***** Extracted information *****

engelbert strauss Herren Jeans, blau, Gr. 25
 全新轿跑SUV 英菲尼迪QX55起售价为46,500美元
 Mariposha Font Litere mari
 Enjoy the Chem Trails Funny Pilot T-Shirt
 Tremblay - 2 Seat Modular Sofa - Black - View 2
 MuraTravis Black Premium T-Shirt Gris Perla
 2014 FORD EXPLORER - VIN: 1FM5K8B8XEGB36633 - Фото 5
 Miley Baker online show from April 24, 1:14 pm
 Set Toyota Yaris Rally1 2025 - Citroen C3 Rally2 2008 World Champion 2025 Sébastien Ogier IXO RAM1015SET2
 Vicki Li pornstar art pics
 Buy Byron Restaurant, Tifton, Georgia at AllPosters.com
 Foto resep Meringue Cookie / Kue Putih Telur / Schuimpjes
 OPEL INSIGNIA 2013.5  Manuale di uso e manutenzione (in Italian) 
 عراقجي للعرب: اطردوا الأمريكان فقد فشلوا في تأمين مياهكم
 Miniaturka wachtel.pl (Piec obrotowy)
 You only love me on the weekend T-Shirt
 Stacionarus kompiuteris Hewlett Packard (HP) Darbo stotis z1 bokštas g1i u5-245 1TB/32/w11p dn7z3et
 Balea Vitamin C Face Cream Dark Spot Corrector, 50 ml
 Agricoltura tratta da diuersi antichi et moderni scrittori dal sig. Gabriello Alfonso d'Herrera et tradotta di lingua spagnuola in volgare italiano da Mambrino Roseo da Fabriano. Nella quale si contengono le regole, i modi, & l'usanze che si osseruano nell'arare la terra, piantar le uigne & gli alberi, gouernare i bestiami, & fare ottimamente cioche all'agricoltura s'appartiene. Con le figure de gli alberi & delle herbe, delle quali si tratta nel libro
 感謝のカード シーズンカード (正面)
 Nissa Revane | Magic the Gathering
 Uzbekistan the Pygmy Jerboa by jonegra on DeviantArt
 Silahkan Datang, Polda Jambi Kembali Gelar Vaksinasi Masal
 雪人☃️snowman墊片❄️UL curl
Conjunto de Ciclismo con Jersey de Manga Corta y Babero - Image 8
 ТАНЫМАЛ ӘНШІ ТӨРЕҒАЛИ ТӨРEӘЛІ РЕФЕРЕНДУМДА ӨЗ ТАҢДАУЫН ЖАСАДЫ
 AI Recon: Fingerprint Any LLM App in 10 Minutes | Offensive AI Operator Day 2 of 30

*****

* [Work item]
Take every line from the records above that has the word "Black" and copy it.

* [Exercise result]
 Tremblay - 2 Seat Modular Sofa - Black - View 2
 MuraTravis Black Premium T-Shirt Gris Perla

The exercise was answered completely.